I am a little new to using data.table and understand all its subtleties. I looked through the document in other examples in SO as well, but could not find what I want, so please help!
I have data.table, which is basically a char vector (each record is a sentence)
DT=c("I love you","she loves me") DT=as.data.table(DT) colnames(DT) <- "text" setkey(DT,text)
What I would like to do is perform some basic string operations inside a DT object. For example, add a new column in which I will have a char vector for which each record is a WORD from a row in the text column.
so I would like to have, for example, a new charvec column, where
> DT[1]$charvec [1] "I" "love "you"
Of course, I would like to do this with the data.table method, superfast, because I need to do such things on films that are> 1Go file, and use more complex and computational functions. Therefore, do not use APPLY, LAPPLY and MAPPLY
My closest attempt to do what looks like this:
myfun1 <- function(sentence){strsplit(sentence," ")} DU1 <- DT[,myfun1(text),by=text] DU2 <- DU1[,list(charvec=list(V1)),by=text]

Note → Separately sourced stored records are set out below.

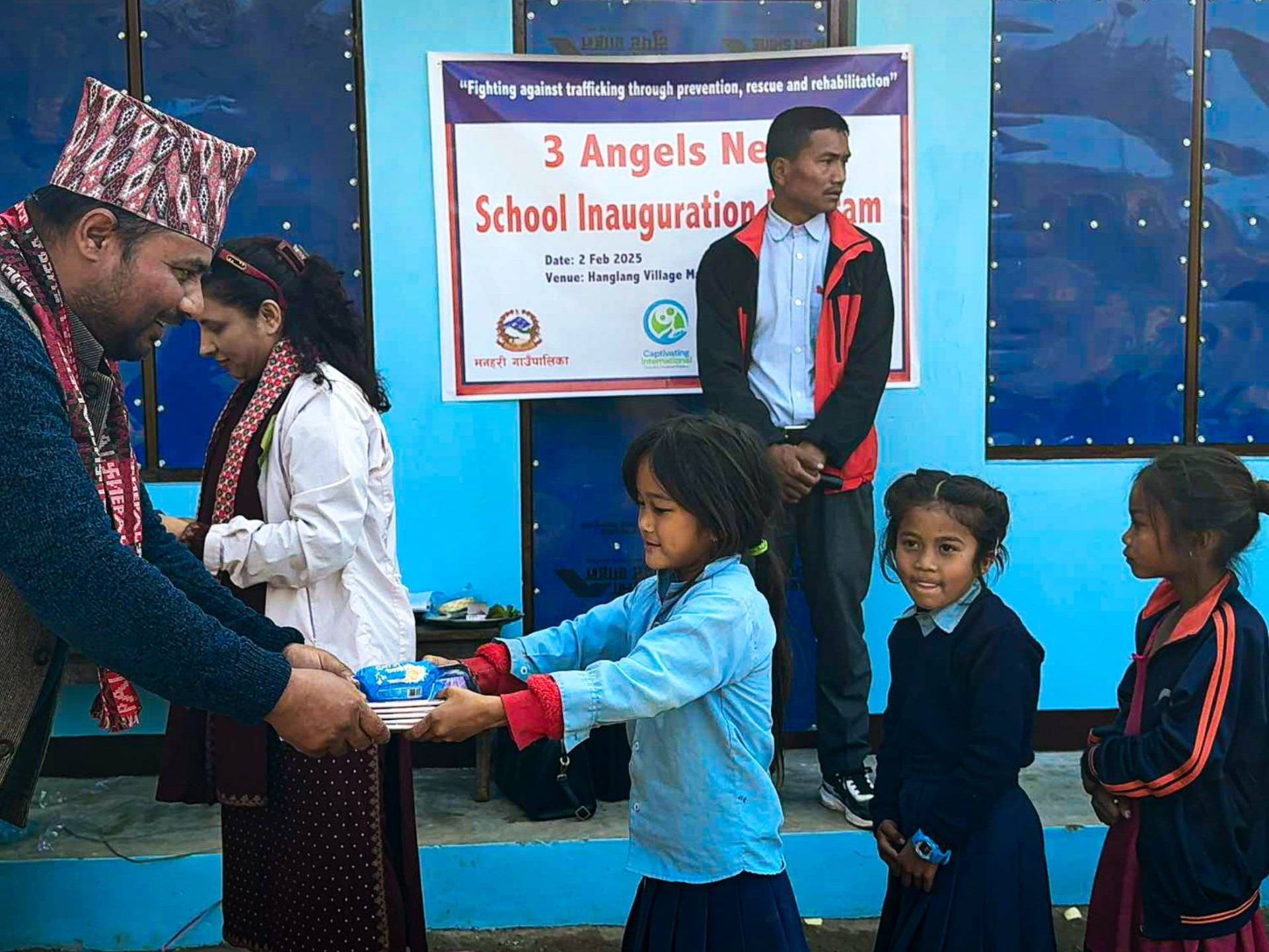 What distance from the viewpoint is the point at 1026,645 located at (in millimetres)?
2877

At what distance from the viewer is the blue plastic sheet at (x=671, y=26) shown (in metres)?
4.54

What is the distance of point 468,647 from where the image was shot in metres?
4.36

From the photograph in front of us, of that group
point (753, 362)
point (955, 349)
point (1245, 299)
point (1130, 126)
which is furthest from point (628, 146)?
point (1245, 299)

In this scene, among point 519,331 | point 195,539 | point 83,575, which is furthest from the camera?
point 519,331

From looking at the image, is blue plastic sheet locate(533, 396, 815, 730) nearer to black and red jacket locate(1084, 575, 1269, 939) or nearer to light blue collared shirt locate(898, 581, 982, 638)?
light blue collared shirt locate(898, 581, 982, 638)

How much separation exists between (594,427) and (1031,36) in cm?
206

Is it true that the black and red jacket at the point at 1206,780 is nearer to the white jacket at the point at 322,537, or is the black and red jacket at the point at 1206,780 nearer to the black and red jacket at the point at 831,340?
the black and red jacket at the point at 831,340

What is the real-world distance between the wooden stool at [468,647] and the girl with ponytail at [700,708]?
1.71m

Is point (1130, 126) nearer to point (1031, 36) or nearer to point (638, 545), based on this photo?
point (1031, 36)

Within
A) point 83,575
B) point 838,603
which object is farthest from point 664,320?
point 83,575

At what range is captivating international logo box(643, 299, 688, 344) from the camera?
4.58 m

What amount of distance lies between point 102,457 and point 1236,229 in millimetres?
4003

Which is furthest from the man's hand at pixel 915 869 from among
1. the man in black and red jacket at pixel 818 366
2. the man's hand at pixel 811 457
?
the man's hand at pixel 811 457

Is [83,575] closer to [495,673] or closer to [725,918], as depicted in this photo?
[495,673] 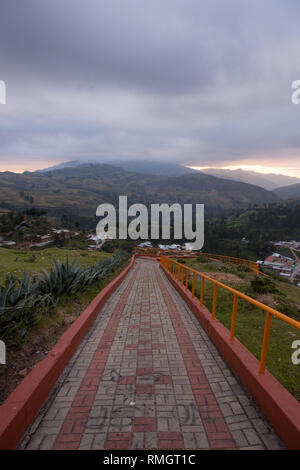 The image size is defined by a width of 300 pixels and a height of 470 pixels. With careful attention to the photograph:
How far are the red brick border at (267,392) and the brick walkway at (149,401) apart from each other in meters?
0.11

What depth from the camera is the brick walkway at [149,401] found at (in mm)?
2115

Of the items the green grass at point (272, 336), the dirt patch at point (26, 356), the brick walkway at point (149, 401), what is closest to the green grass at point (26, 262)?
the dirt patch at point (26, 356)

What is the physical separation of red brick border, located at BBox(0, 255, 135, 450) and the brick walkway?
0.33 feet

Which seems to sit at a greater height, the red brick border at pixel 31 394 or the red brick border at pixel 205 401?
the red brick border at pixel 31 394

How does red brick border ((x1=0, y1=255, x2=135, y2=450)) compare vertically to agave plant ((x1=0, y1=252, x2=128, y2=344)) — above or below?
below

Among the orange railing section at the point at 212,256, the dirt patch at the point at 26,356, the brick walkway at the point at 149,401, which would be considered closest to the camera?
the brick walkway at the point at 149,401

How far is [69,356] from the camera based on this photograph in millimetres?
3408

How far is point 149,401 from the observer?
8.52 ft

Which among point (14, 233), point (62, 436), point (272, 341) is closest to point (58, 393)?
point (62, 436)

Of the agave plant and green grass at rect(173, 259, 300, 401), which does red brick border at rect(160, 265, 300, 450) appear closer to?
green grass at rect(173, 259, 300, 401)

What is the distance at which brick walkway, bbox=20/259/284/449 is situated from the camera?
212 centimetres

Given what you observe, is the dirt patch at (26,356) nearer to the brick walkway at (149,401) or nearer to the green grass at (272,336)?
the brick walkway at (149,401)

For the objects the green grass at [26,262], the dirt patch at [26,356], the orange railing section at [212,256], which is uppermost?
the dirt patch at [26,356]

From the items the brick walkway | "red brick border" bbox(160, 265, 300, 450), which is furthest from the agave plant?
"red brick border" bbox(160, 265, 300, 450)
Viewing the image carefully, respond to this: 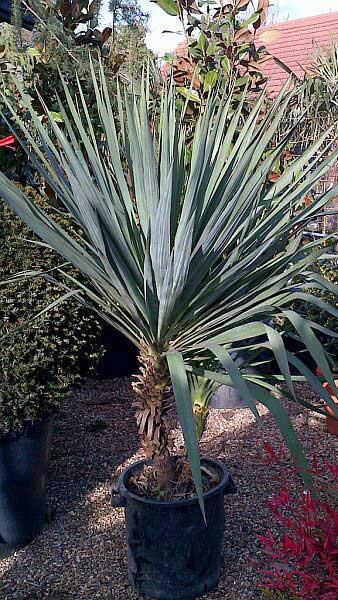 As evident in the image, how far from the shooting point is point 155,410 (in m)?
1.93

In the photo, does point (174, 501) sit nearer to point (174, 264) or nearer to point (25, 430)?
Answer: point (25, 430)

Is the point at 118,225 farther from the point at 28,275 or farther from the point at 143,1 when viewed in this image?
the point at 143,1

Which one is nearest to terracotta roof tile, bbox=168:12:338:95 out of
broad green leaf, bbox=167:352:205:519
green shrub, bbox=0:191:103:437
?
green shrub, bbox=0:191:103:437

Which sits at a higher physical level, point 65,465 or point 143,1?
point 143,1

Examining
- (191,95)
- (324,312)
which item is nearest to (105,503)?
(324,312)

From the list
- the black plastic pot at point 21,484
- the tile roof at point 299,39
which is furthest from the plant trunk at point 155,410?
the tile roof at point 299,39

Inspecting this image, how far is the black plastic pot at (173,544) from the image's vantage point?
191 cm

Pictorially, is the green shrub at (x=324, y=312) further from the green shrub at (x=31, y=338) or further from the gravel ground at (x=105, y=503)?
the green shrub at (x=31, y=338)

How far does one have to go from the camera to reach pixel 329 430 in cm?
334

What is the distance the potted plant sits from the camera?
1594 mm

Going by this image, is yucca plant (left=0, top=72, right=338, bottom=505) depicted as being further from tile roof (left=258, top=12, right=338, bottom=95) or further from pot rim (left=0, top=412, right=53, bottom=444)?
tile roof (left=258, top=12, right=338, bottom=95)

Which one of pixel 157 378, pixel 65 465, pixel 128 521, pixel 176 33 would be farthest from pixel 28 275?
pixel 176 33

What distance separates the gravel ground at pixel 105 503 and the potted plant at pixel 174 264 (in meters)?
0.20

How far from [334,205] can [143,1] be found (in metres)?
2.81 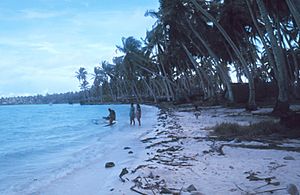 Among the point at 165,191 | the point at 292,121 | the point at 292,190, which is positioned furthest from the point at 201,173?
the point at 292,121

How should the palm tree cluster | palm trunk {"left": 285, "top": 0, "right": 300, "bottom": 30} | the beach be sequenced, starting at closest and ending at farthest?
the beach, palm trunk {"left": 285, "top": 0, "right": 300, "bottom": 30}, the palm tree cluster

For example, to create a function that removes the first word of each sentence, I did this
myfun2 <- function(l){l[[1]][-1]} DV1 <- DU2[,myfun2(charvec),by=text] DV2 <- DV1[,list(charvec=list(V1)),by=text]
The problem is in the charvec column, I have a list, not a vector ...
> str(DU2[1]$charvec) # List of 1 # $ : chr [1:3] "I" "love" "you"
1) how can i do what i want? the other functions I'm going to use is a subset of the char vector or applying some hash to it, etc.
2) By the way, can I get to DU2 or DV2 in one line instead of two lines? 3) I do not understand the syntax for data.table very well. Why does the V1 column disappear with the list() command inside [..]? 4) in another thread, I read a little about the cSplit function.
. it's good? Is this a function adapted to data.table objects?
Thank you very much
UPDATE
thanks to @Ananda Mahto Perhaps I should make myself clearer from my final goal. I have a huge file of 10,000,000 sentences stored as a string. As a first step for this project, I want to make a hash of the first 5 words of each sentence. 10,000,000 sentences will not even fall into my memory, so I first divided into 10 files out of 1,000,000 sentences that would be around 10x 1Go files. The following code takes several minutes on my laptop for just one file.
library(data.table); library(digest); num_row=1000000 DT <- fread("sentences.txt",nrows=num_row,header=FALSE,sep="\t",colClasses="character") DT=as.data.table(DT) colnames(DT) <- "text" setkey(DT,text) rawdata <- DT hash2 <- function(word){
then
print(system.time({ colnames(rawdata) <- "sentence" rawdata <- lapply(rawdata,strsplit," ") sentences_begin <- lapply(rawdata$sentence,function(x){x[2:6]}) hash_list <- sapply(sentences_begin,hash2)
I know that I'm pushing R here to my limits, but I'm struggling to find faster implementations, and I was thinking about the features of data.table ... hence all my questions
Here is an implementation that excludes lapply, but its actually slower!
print(system.time({ myfun1 <- function(sentence){strsplit(sentence," ")} DU1 <- DT[,myfun1(text),by=text] DU2 <- DU1[,list(charvec=list(V1)),by=text] myfun2 <- function(l){l[[1]][2:6]} DV1 <- DU2[,myfun2(charvec),by=text] DV2 <- DV1[,list(charvec=list(V1)),by=text] rebuildsentence <- function(S){ paste(S,collapse=" ") } myfun3 <- function(l){hash2(rebuildsentence(l[[1]]))} DW1 <- DV2[,myfun3(charvec),by=text] }))
There was no noodle in this implementation with the data file, so I was hoping the hash would be faster. However, since in each column I have a list instead of a char vector, this can slow down (?) It all significantly.
Using the first code above (with lapply / sapply ) took more than 1 hour on my laptop. I was hoping to speed it up with a more efficient data structure. "People using Python, Java, etc., do similar work in a few seconds.
Of course, another way would be to find a faster hash function, but I assumed that the package in the digest package is already optimized.